9 thoughts on “Beasts & Dragons & Maps

  1. It’s amazing how many helpers come out of the woods, isn’t it? Surprising how many people have had cancer. I truly thought I was the only one, until I walked into that room in Stillwater. Who knew!? I wasn’t as special as I thought, and my feeling so so sorry for myself was about as useless as Ghandi says our cowardice is (thanks for that quote).

    • My sentiments exactly! When I walked into Cancer, I already had an idea of the scope of the disease on our population because of Gerry.

      It still feels odd not to be “special” (as you so honestly and brilliantly say.)

      The up side of not being quite so special? So many OTHER special folks have walked this walk and have been instrumental in discovering therapies that are helping me now.

      I count you as one of them, Barb, you have always been one of my heroines. Now I can tell you that without sounding too fulsome, because we’re on this path together. Thank you!

  2. If you have some down time, the book I Don’t Recall Signing Up for Cancer” is an uplifing/funny account of a woman’s experience with it. It kept me laughing for a few days during my treatment.

    As far as the side effect of Neulasta is concerned, what some people report as bone pain you may find it just another twinge with all the other hip pain you have reported.

    I won’t say stay strong, because sometimes we just need a good cry

  3. You probably know this already, but your health care providers refer to your drug treatment protocol as your ‘road map’❣️ Your road to recovery is paved with caregivers of every kind: professional, virtual, real and voices of reality.

    We care for and about you Annie‼️ Sounds like you did wonderfully this week.

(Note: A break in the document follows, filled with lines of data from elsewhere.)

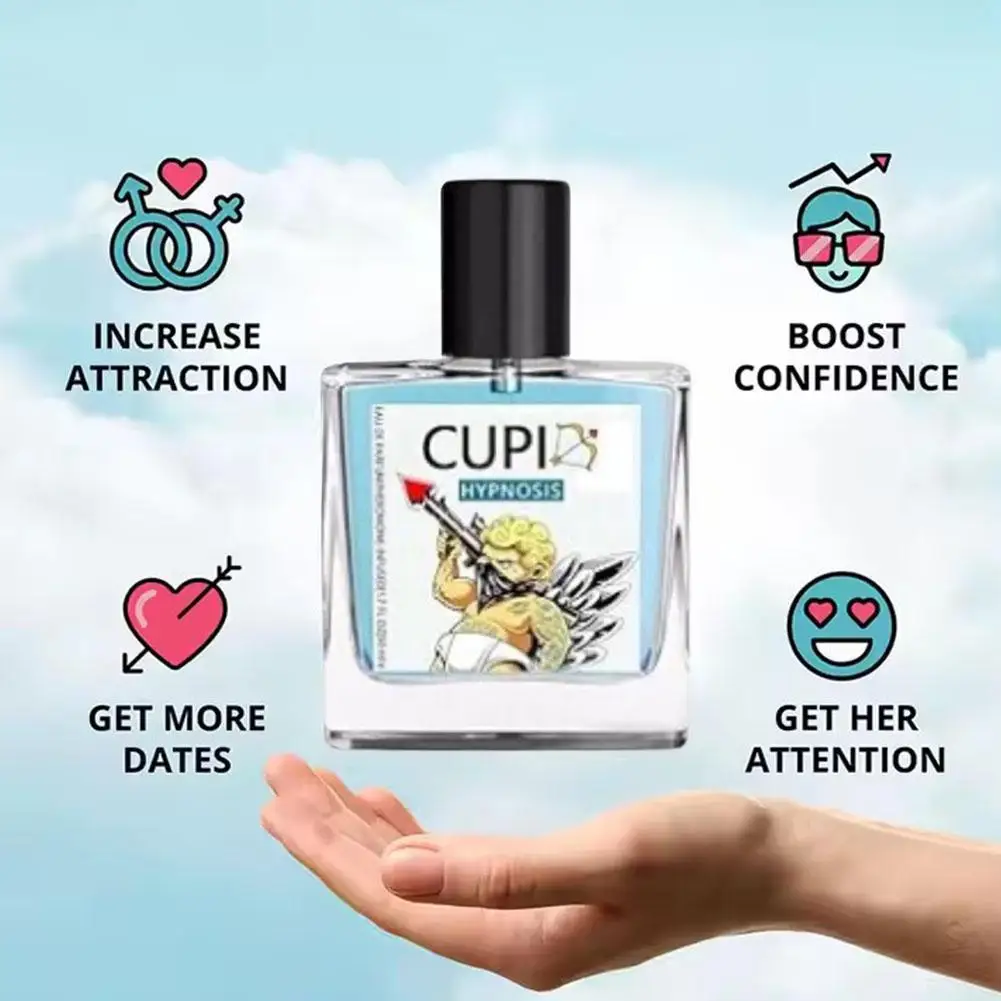 Parfum asli Cupid, parfum Pheromone Cupid tahan lama romantiy meningkatkan kualitas tinggi Hombre semprot tubuh 50ml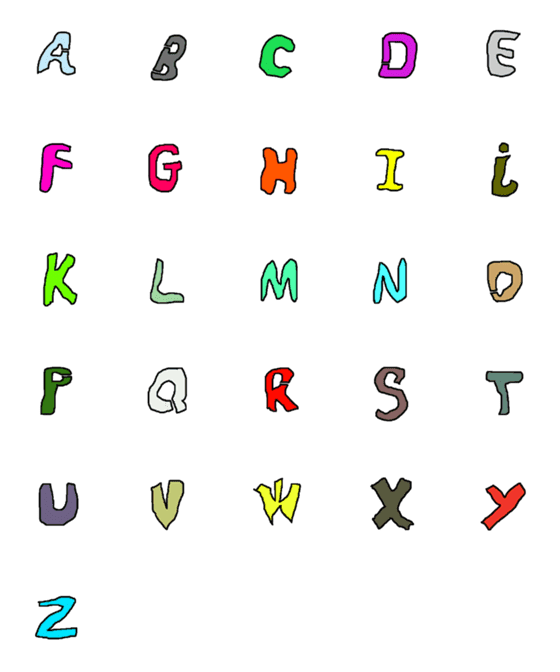 [LINE絵文字]Ugly ABCDEFGHIJKLMNOPQRSTUVWXYZ lettersの画像一覧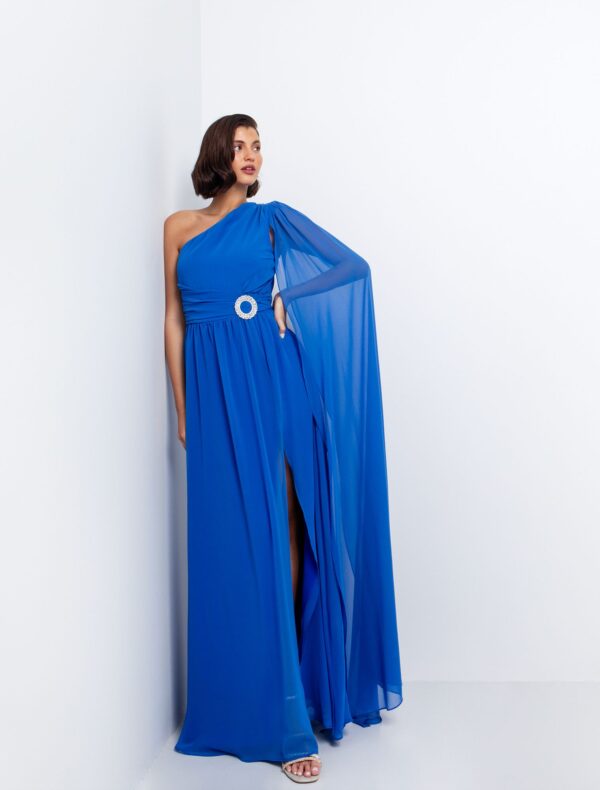 One shoulder φόρεμα με αγκράφα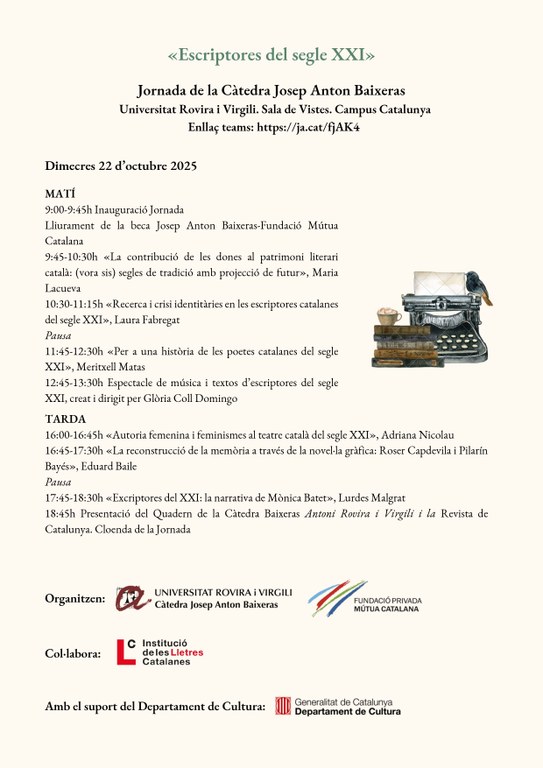 Jornada de la Càtedra Josep Anton Baixeras de Patrimoni Literari Català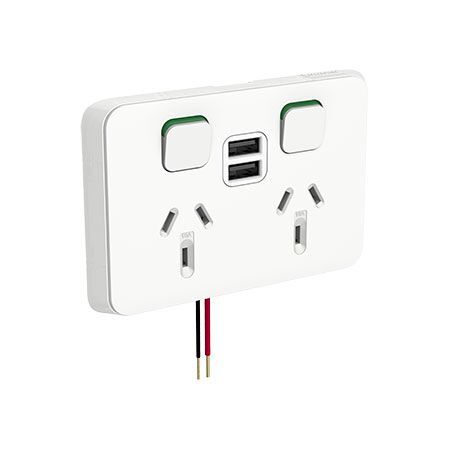 Clipsal Iconic, Double Power Point with Dual USB Charger, Horizontal Mount, 250V, 10A - Vivid White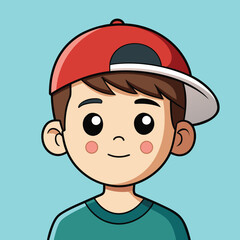 Playful illustration of a young boy wearing a baseball cap designed for graphic projects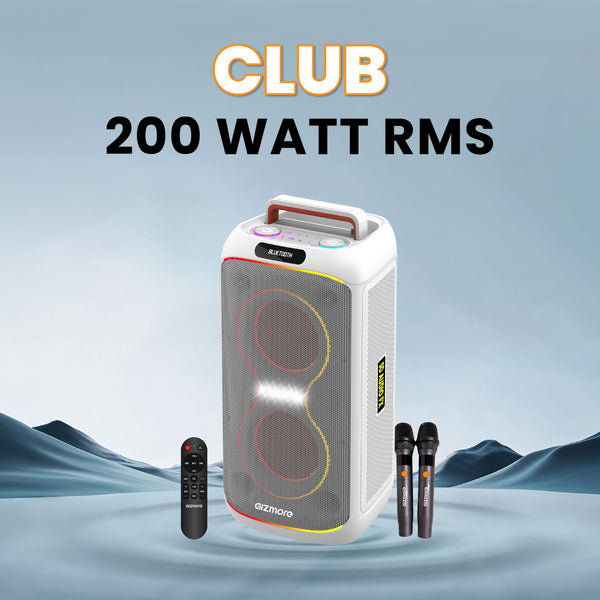 GIZMORE T200 CLUB 200W Thunder DJ Party Speaker with Dual Wireless Mic, RGB Lights, AC Charging, TWS Connectivity, Portable Bluetooth Speaker -White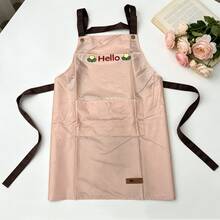 1 chiếc tạp dề bếp nữ chống thấm nước và chống dầu, có túi tiện lợi, dễ làm sạch và chống bám bẩn, màu hồng, phù hợp cho bếp, phòng tắm và dọn dẹp nhà cửa, quà tặng Ngày của Mẹ cho mẹ và quà Giáng sinh - Hồng - Xem 1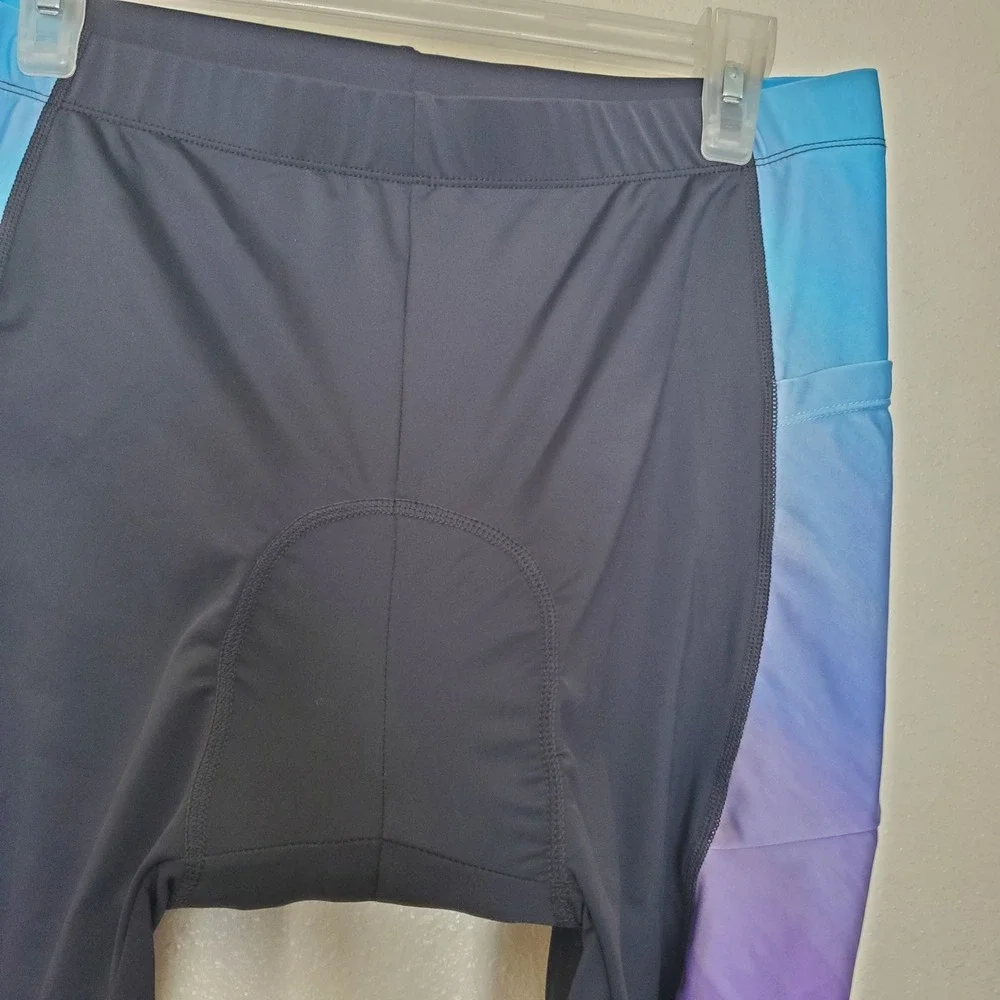 Baleaf Womens Padded Cycling Shorts XL Blue Purple Ombre Gel Padded Bike Shorts - Picture 3 of 16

We are cheering for you‼️‼️‼️

  4. Hi Annie, I’ve caught up reading your blog, and my son had the kind of brace you have when he was dealing with a relapse of his cancer at age fifteen. He had to wear it whenever he wasn’t in bed, because the docs feared “spinal collapse,” and the heat was horrible. The brace shop came up with a high tech light metal framework brace that was much easier for him, and didn’t add any heat to the mix. You might want to find out if something like that can ease your hip pain. Thinking good thoughts for you

    • Hey Ellie!

      I hope your son is doing well now!

      The brace was great when the issue was my spinal tumor, but now it’s metastasized into my hips (at least for a time) and the tumor in the back seems to have shrunk a bit. The way the brace was constructed, it leans HEAVILY on my hip, the pain can be insane.

      I wear it for my walks, I don’t like to be alone without it. Unfortunately, it makes me rather ungainly and I do fear falling in it. I also wear it when traveling in a car, but I’m cutting down on that because the pain is INTENSE on my hip in a sitting position.